On the technical side, the RSI is at 58 figures as of writing, suggesting bullish movement ahead. As for the Bollinger Bands, the price continued heading north and just moved out of the upper band, so a strong trend continuation can be expected. In conclusion, we think the market will be bullish as the pair is heading to test the 1.3633 resistance line. If the pair rise above that level, it could push higher toward 1.3700 mark. And the 1.3512 level had provided firm support to Cable.

Resistance: 1.3633, 1.3739

Support: 1.3512, 1.3456, 1.3372

USDCAD (4-Hour Chart)

After the previous day’s rally to the 1.2750 area, USD/CAD failed to preserve its bullish momentum and retreated from a weekly high amid weaker US dollar across the board. The pair started to see fresh selling after the European session started, now remaining under pressure below the 1.2700 mark. USD/CAD is trading at 1.2689 at the time of writing, losing 0.26% on a daily basis. The greenback was dragged down by retreating US Treasury bond yields, as the DXY index pulled back to 95.70 area. On top of that, surging crude oil prices also underpinned the commodity-linked loonie, as the markets believe that the global oil supply would remain tight. Meanwhile, the conflict between Russia and Ukraine might keep acting as a tailwind for black gold. WTI revisited $91 again and posted a 1.58% gain on a daily basis.

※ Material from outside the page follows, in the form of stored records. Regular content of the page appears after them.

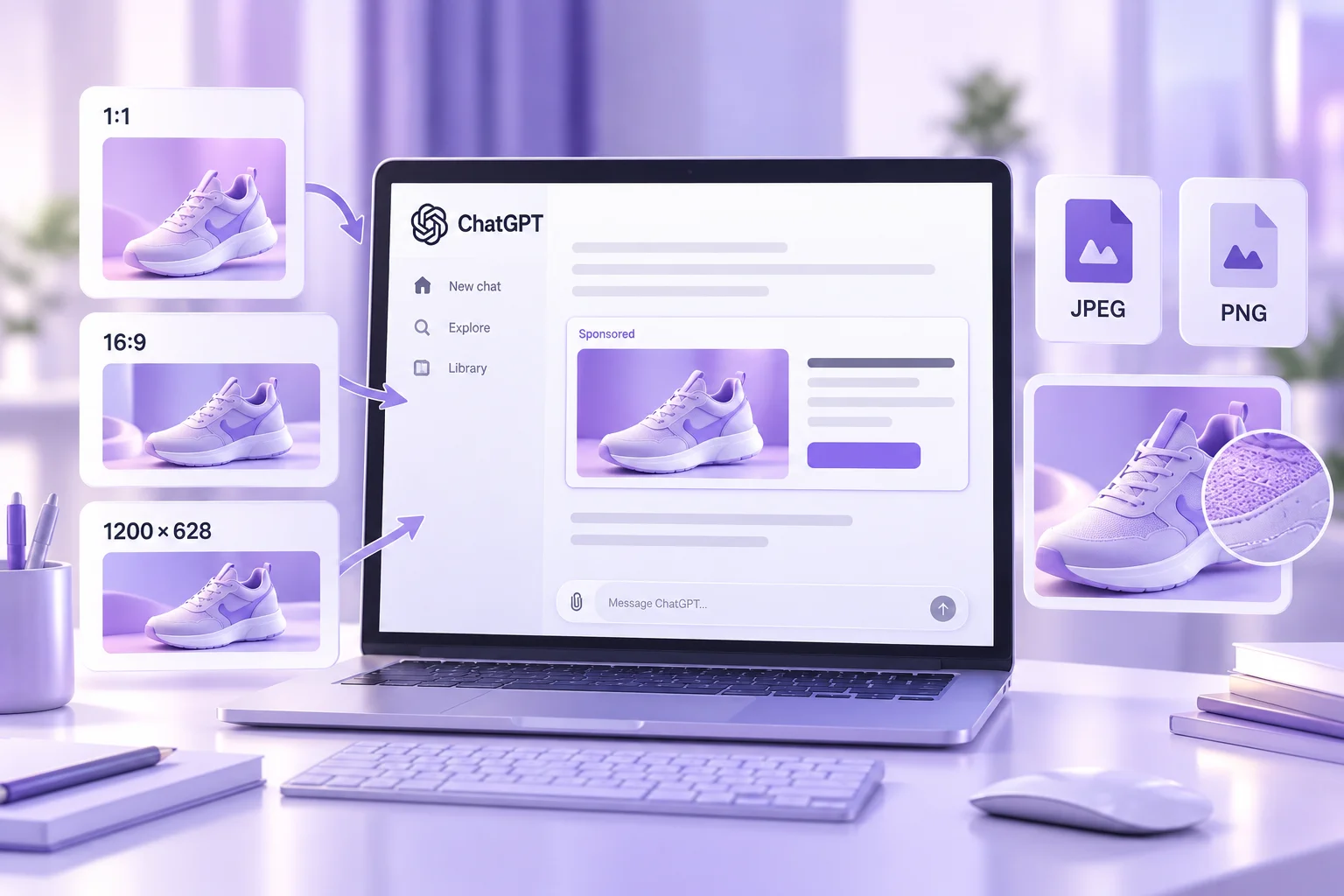 ChatGPT Reklam Görseli Boyutları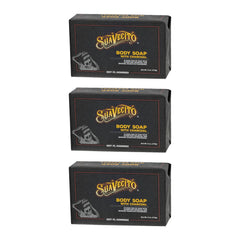 Suavecito bar front packaging showing brand and scent, highlights easy identification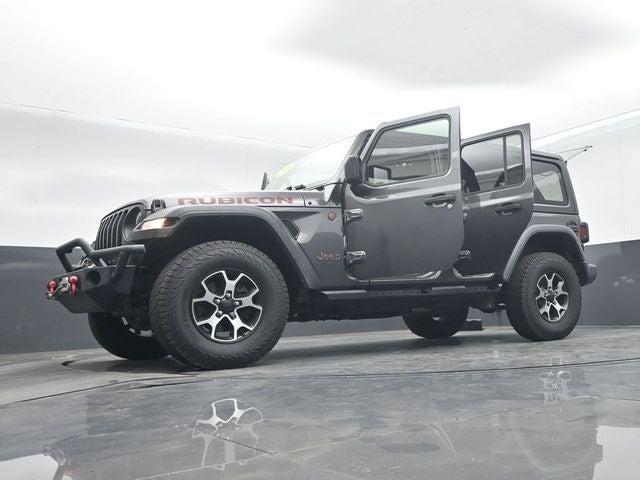 2021 Jeep Wrangler Unlimited Rubicon 4x4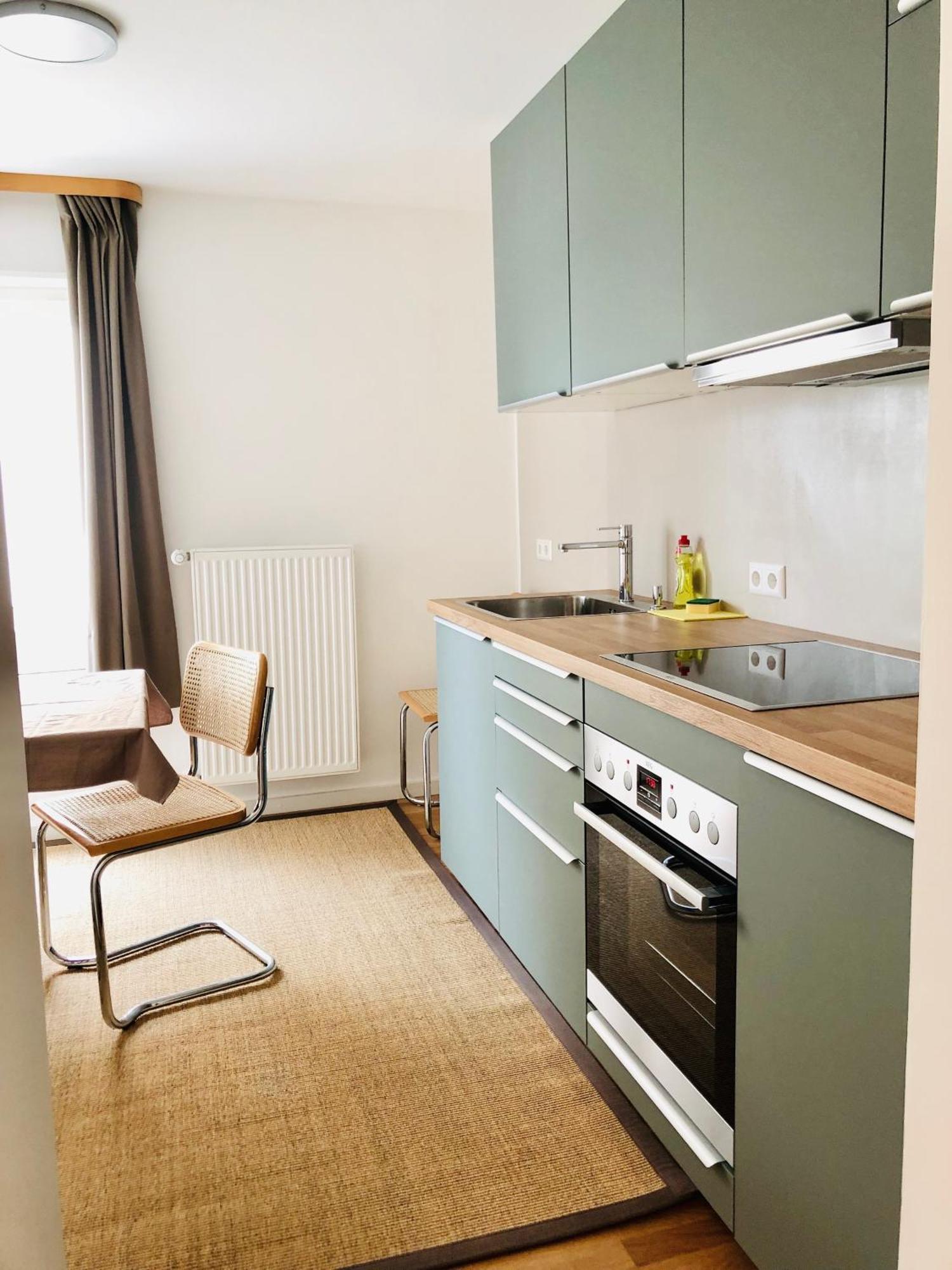 Urbanapartments Memmingen - Mit Kueche & Parkplatz エクステリア 写真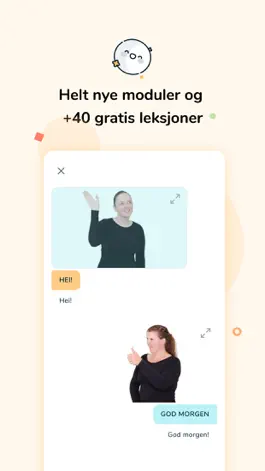 Game screenshot Toleio Norsk Tegnspråk hack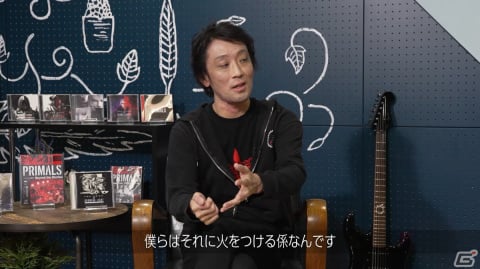 祖堅正慶氏とコージ・フォックス氏が10周年を迎える「THE PRIMALS」を語る―WEB動画「スクエニの創りかた」が3月8日に公開の画像6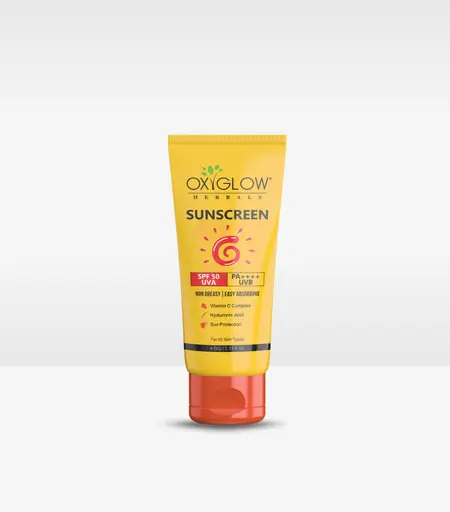 OXYGLOW SUNSCREEN SPF 50     60G - Rasmika Fancy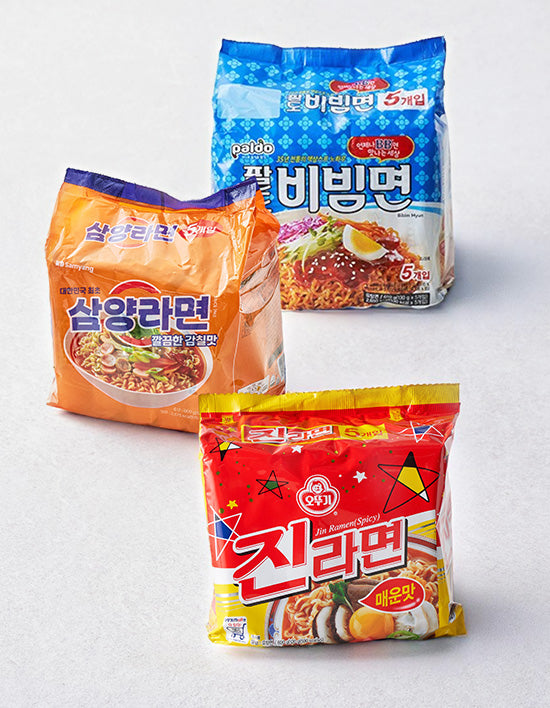 Korean Bag Ramen Pick 20 (봉지라면) | 인기 봉지라면 20종 균일가 (택3)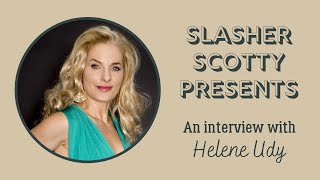 Helene Udy Interview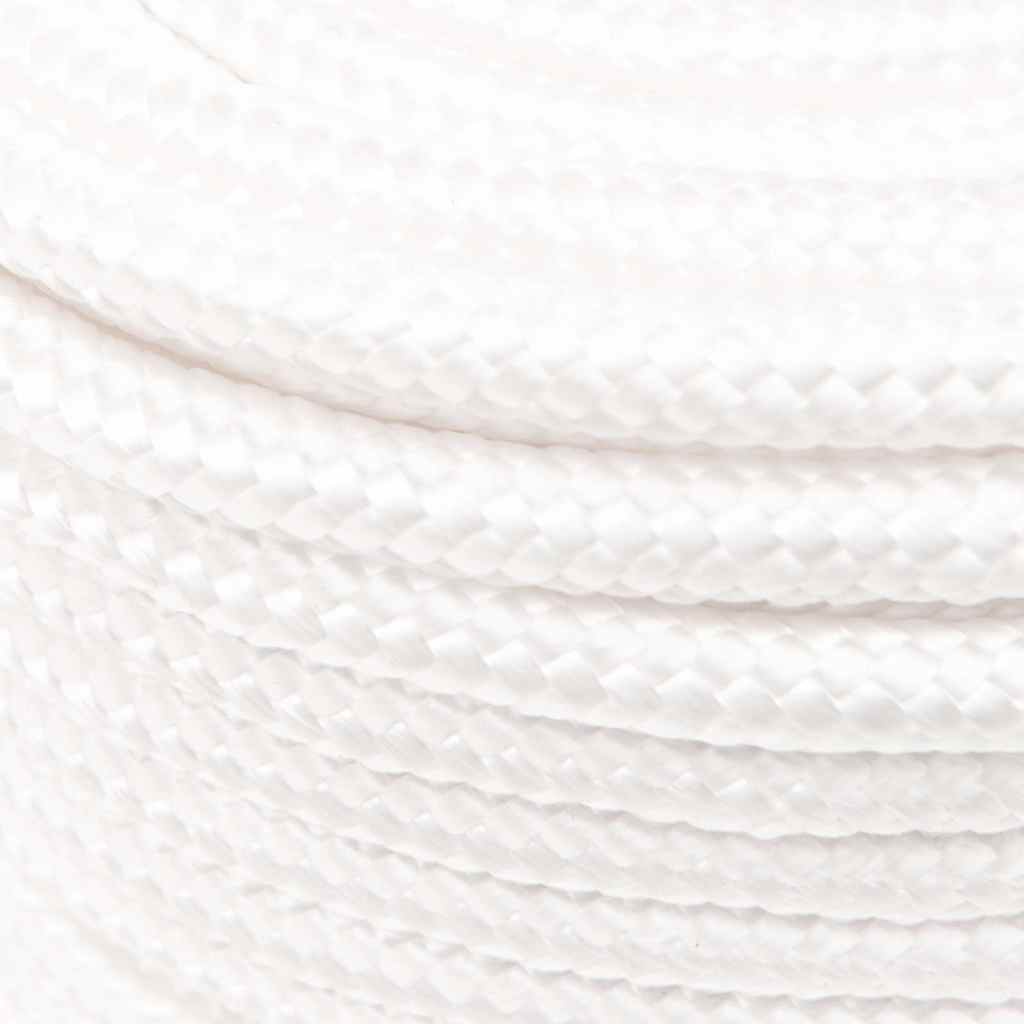 vidaXL Boat Rope Full White 12 mm 100 m Polypropylene 4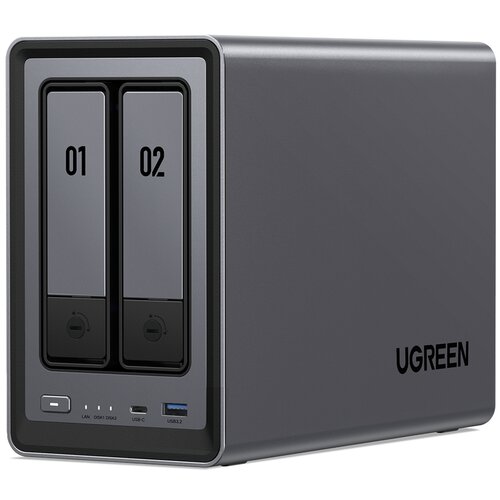 Serwer plików UGREEN NASync DXP2800 8GB RAM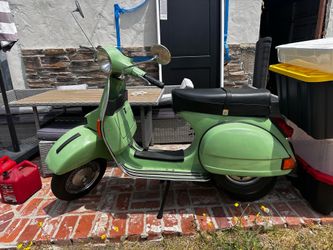1978 Vespa Piaggio P125  - Vintage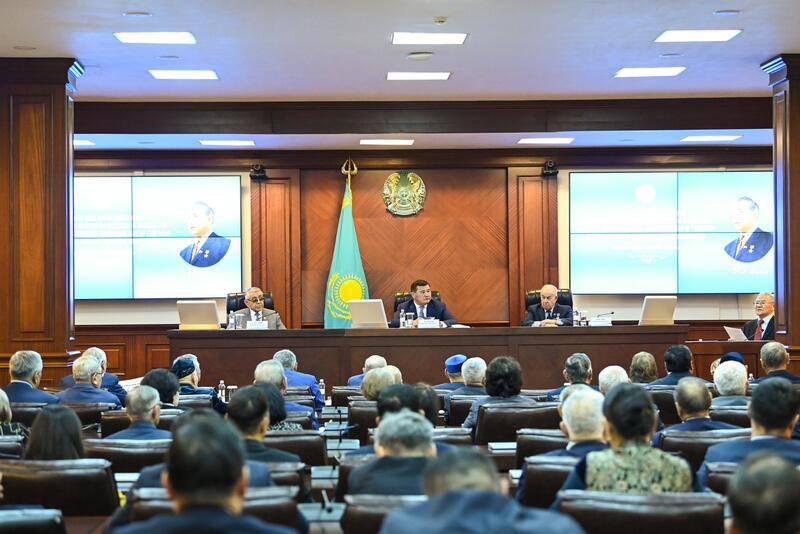 Состоялась республиканская научно-познавательная конференция «Еркін Әуелбеков: заманның заңғар тұлғасы»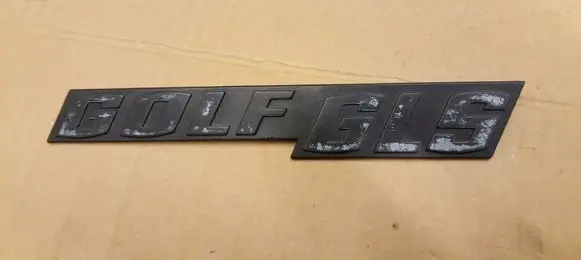 Volkswagen Golf I Rear loading door model letters 171853687T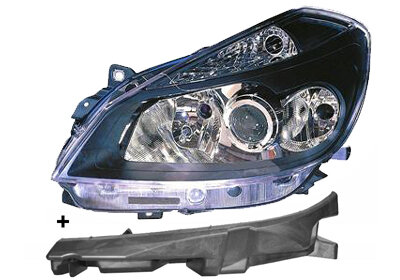 Hauptscheinwerfer links für RENAULT CLIO III (BR0/1, CR0/1)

On the technical front, the RSI is at 47 as of writing, suggesting that the pair could extend its downside movement as the RSI keep heading south. As for the Bollinger Bands, the price has crossed below the moving average and drop towards the lower band, indicating a continuation of the downside traction. In conclusion, we think the market will be bearish as the pair is heading to re-test the 1.2665 support, a break below that level could open the door for additional losses.